-- Information provided follows --

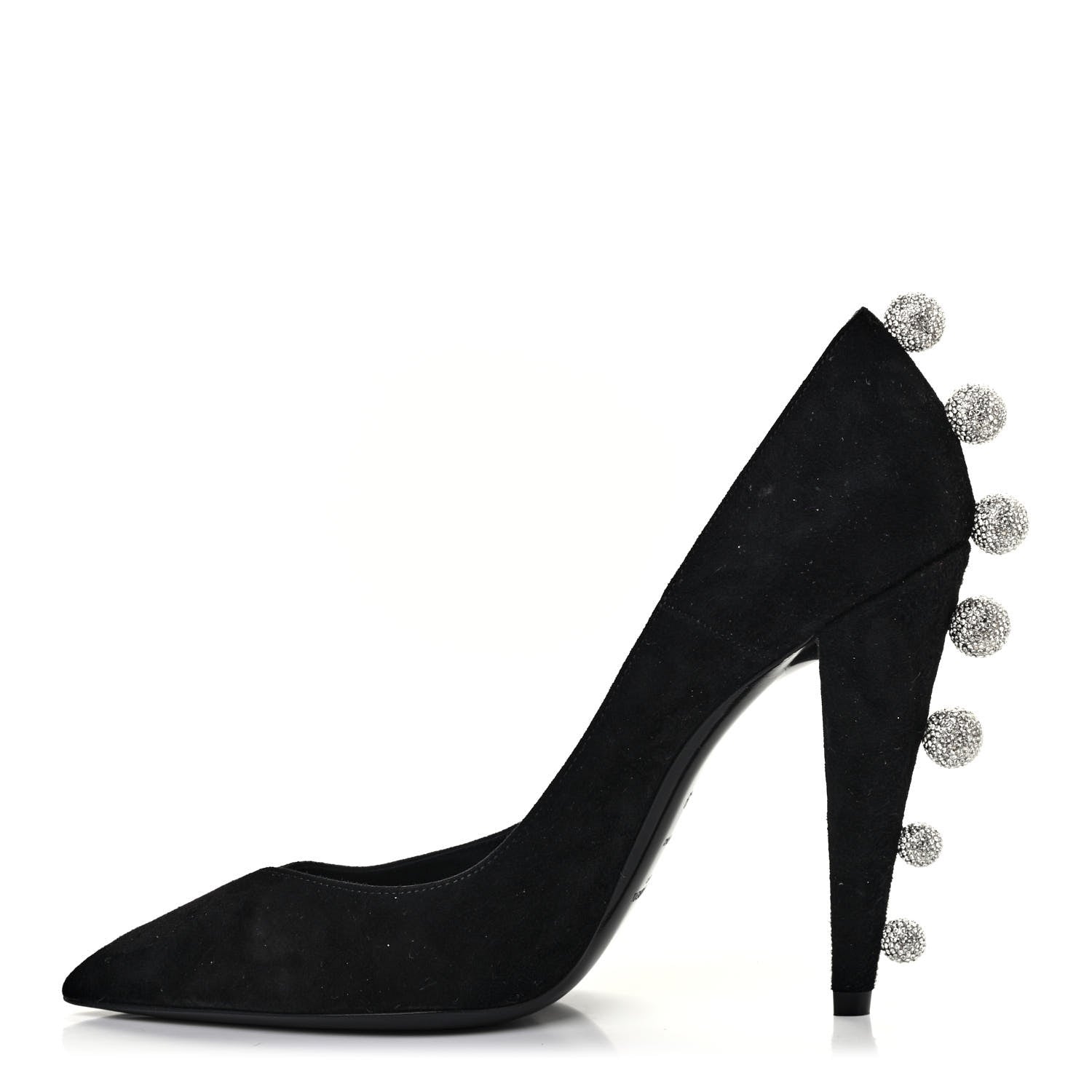 Saint Laurent Suede Calfskin Crystal Pumps 39 Black 1 of 8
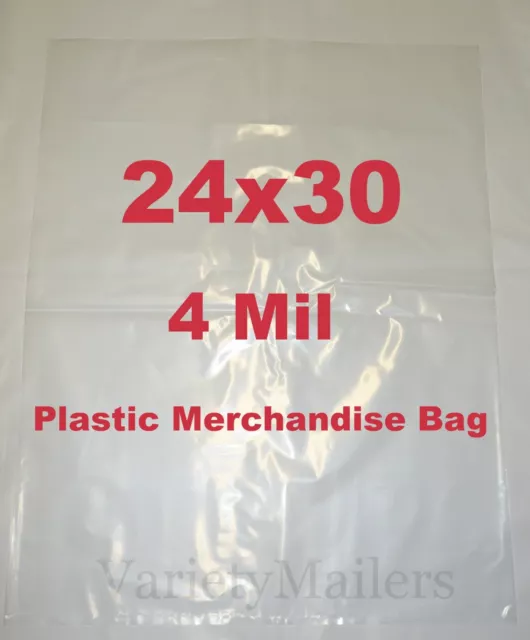 10 Extra Large 24''x 30'' / STRONG 4 Mil Plastic Merchandise / Storage Bags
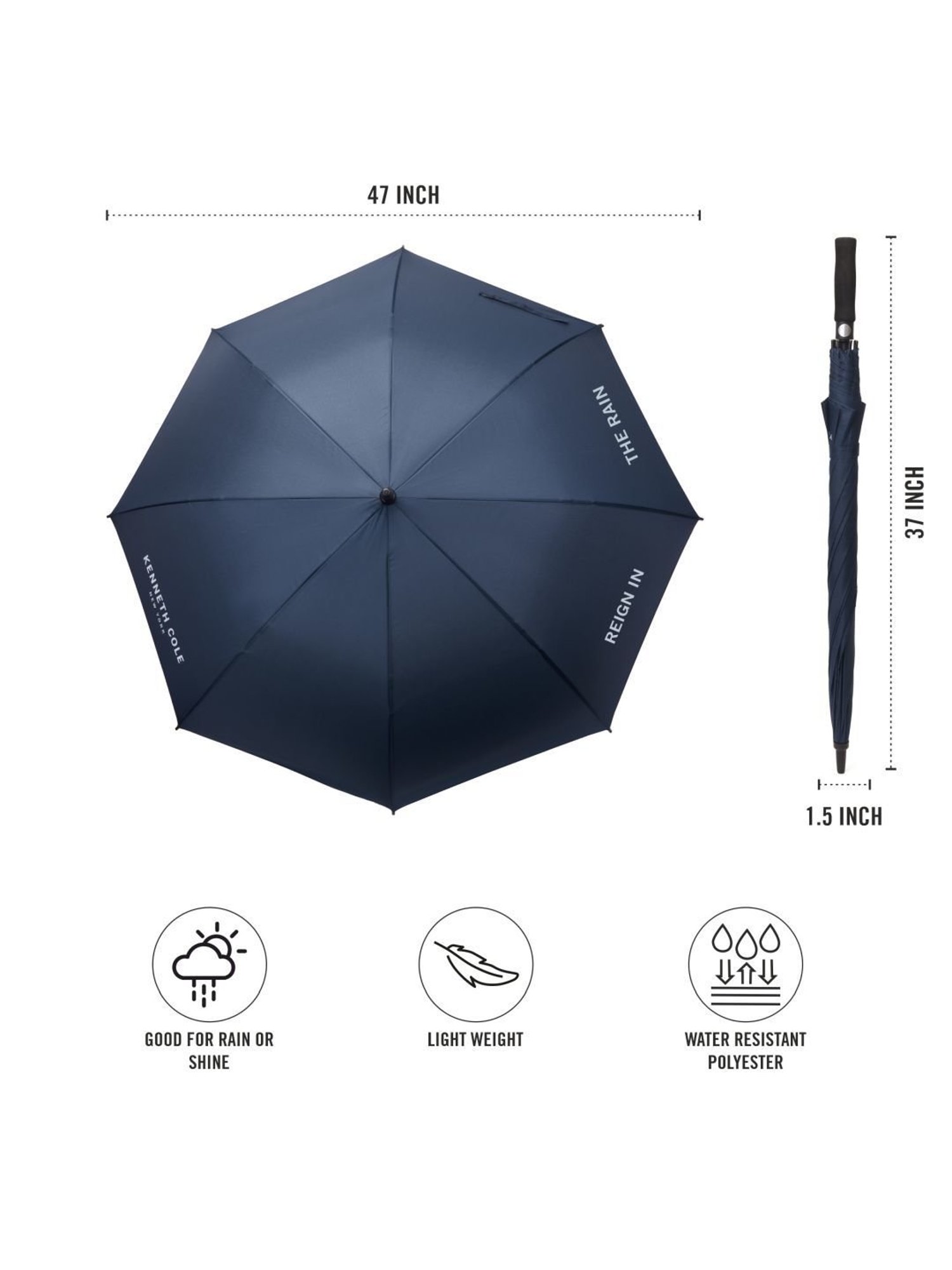 Kenneth Cole New York Automatic Golf UV & Rain Protection Navy Blue Umbrella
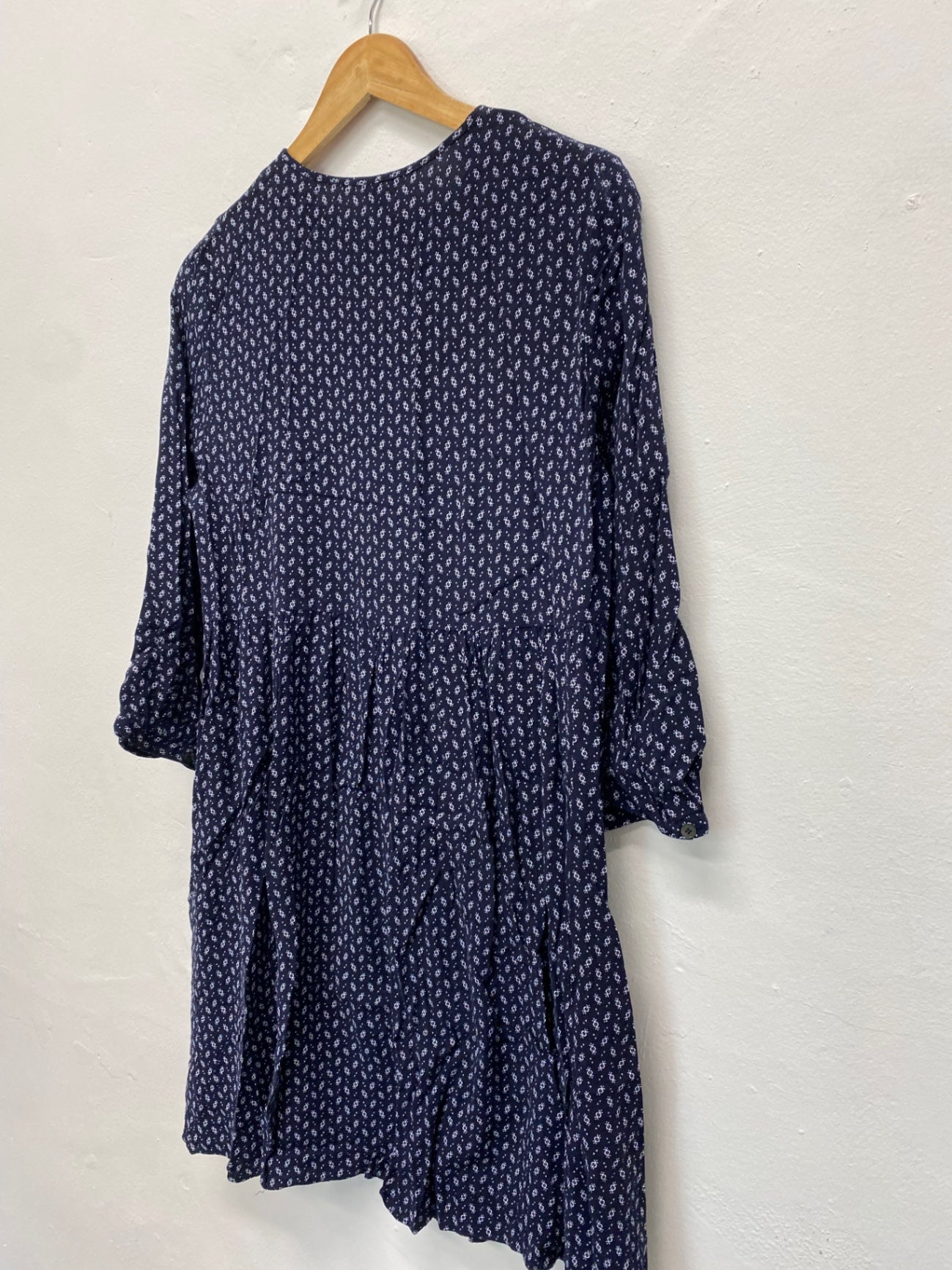 Fabulous Jigsaw Smock swing patterned Dress UK12 Navy Classic DC433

-- Information provided concluded --

Instructions to follow:
In full and without any pictures, print the listing above exactly.

Solution to this problem:
 Saint Laurent Suede Calfskin Crystal Pumps 39 Black 1 of 8
 10 Extra Large 24''x 30'' / STRONG 4 Mil Plastic Merchandise / Storage Bags
 Kenneth Cole New York Automatic Golf UV & Rain Protection Navy Blue Umbrella
 Fabulous Jigsaw Smock swing patterned Dress UK12 Navy Classic DC433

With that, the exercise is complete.